History needs to kick us in the butt.
Monday, July 03, 2006
Target Audience: Crazy People
Friday, June 30, 2006
Coudal Partners

"Copy Goes Here" is a short film created for no good reason, serving no perceivable purpose, there's no morality play in the subtext. It's just useless and wonderful. This is the kind of weirdness one can expect when creative and energetic people are allowed to play in their spare time rather than look busy.
They got a nifty little absurd film that says really nice things about the corporate culture at Coudal Partners . They take risks, and there are people who won't like them for it. But they've given other people reason to like them quite a lot.
Great alternatives in brand development.
$50 for the first person who deciphers a link between post and picture.
Sex and violence? Not all that useful a tool after all.

Cognitive Daily is one of life's sweet pleasures. It's like a themepark for the eclectic mind.

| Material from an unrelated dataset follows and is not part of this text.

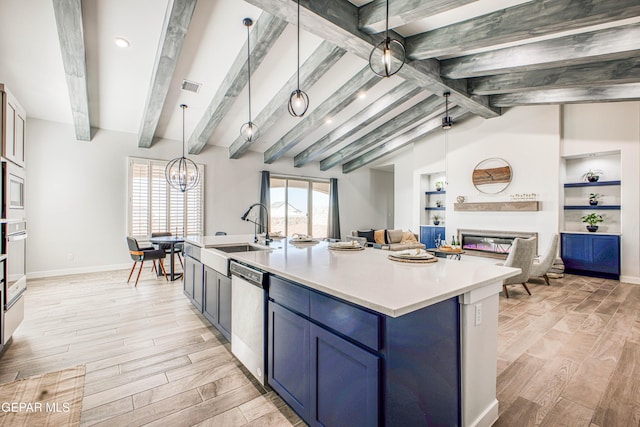 309 Blue Vly, El Paso, TX 79928 - kitchen featuring a sink, stainless steel dishwasher, blue cabinetry, open floor plan, and light wood-style flooring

The brain is an interesting place to explore, one full of surprising revelations. Turns out, ads appearing in programming heavy on heaving bosoms and murder and mayhem don't perform as well as when appearing in more wholesome fare.
This ought to have huge implications for agencies, their clients and media buying decisions. We all love our sex and, well, sex. Some like violence--whatever--between consenting adults in the privacy of their own planet--just don't let me see it. I have tender sensibilities.

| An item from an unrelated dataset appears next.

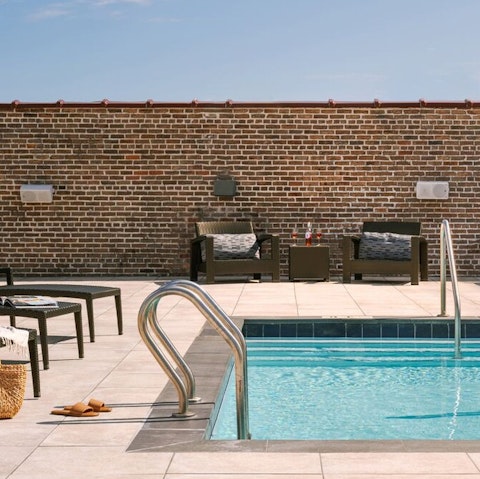 Hang out at the communal rooftop pool and sun lounger area to soak up some Louisiana sunshine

One thing is for sure, if anyone's agency is buying ads on those prurient dating shows, or during gore and guts shoot-em-ups, or the likes of Jerry Springer, it might be a good time to look for a new agency.
Here's the story:
[Published in the prestigious journal Psychological Science] . . . Bushman studied 336 adults in central Iowa by showing them violent, sexy, or neutral TV programming (some of the programs included 24 and Cops [violent], Sex in the City and Will and Grace [sexy], and America's Funniest Animals and Trading Spaces [neutral]). Each program contained the same 12 commercials. The commercials were chosen from a selection of products that were relatively unfamiliar to the study group: "Senokot Natural Vegetable Laxative," "Nutra Nails," and so on.
[snip]
Is that the sound of the world becoming less seduced by titilation? Naw. That was my stomach. Time for lunch.

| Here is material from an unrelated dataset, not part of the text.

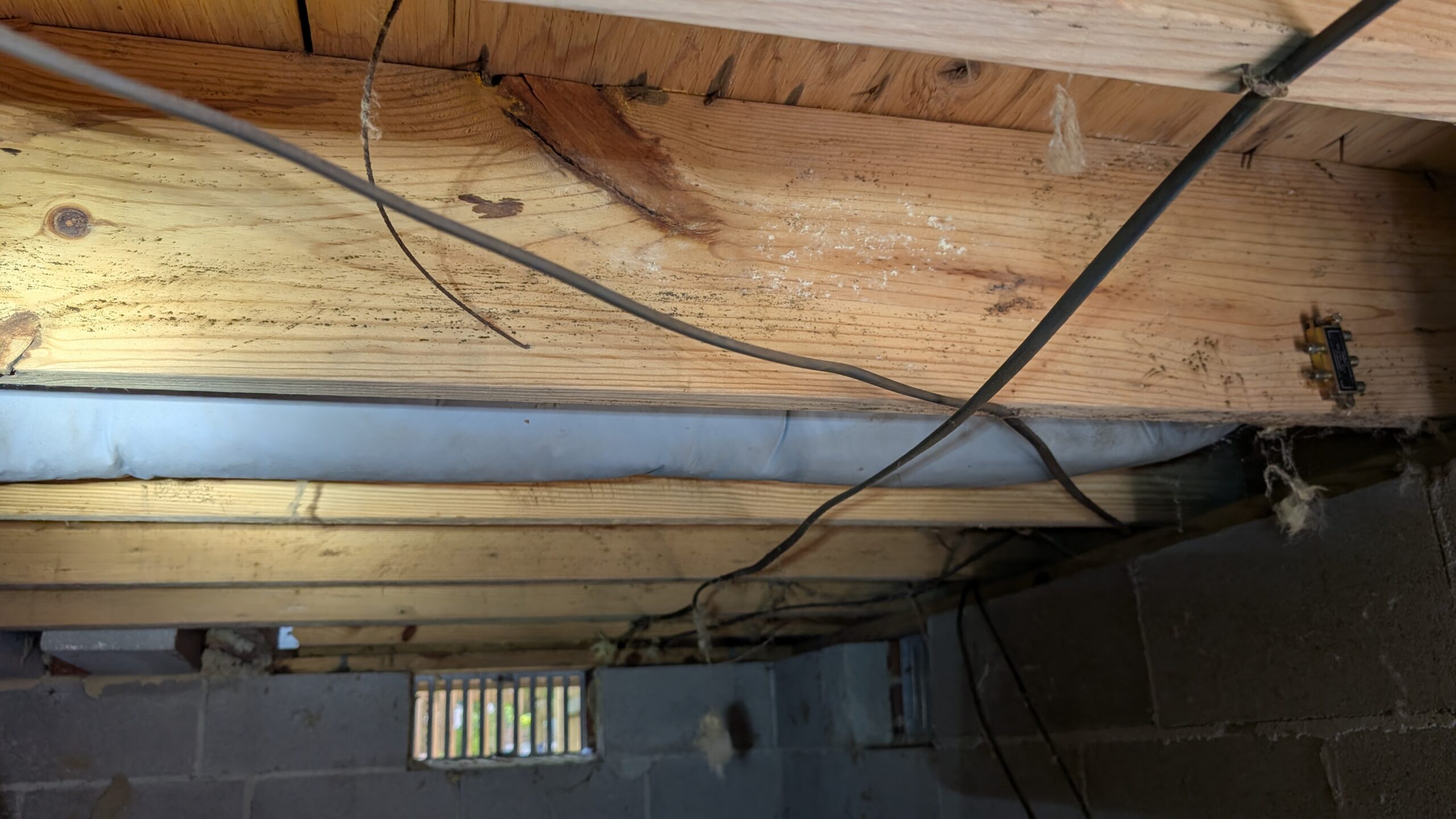 Exposed ceiling joists, electrical wires, and ductwork in an unfinished basement with cinder block walls and a small window.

Bushman sees some refreshing consequences if advertisers catch on to the failure of titilation and savagery:
. . . if advertisers would refuse to buy advertising on shows with sexual/violent content, they could help their own bottom lines because the ads on these shows don't sell as well. Society would be helped because violent/sexy shows would soon be removed from the air due to financial insolvency -- and violent programming is associated with aggressive behavior while sexually explicit shows can lead to anti-social sexual attitudes.If this kind of programming is neutralized as a viable commercial vehicles, sex and violence might just return to their natural place in the human experience.
Thursday, June 29, 2006
Wednesday, June 28, 2006
Tuesday, June 27, 2006
MMODERNISTA! Gets Cadillac: Pearls Before Swine?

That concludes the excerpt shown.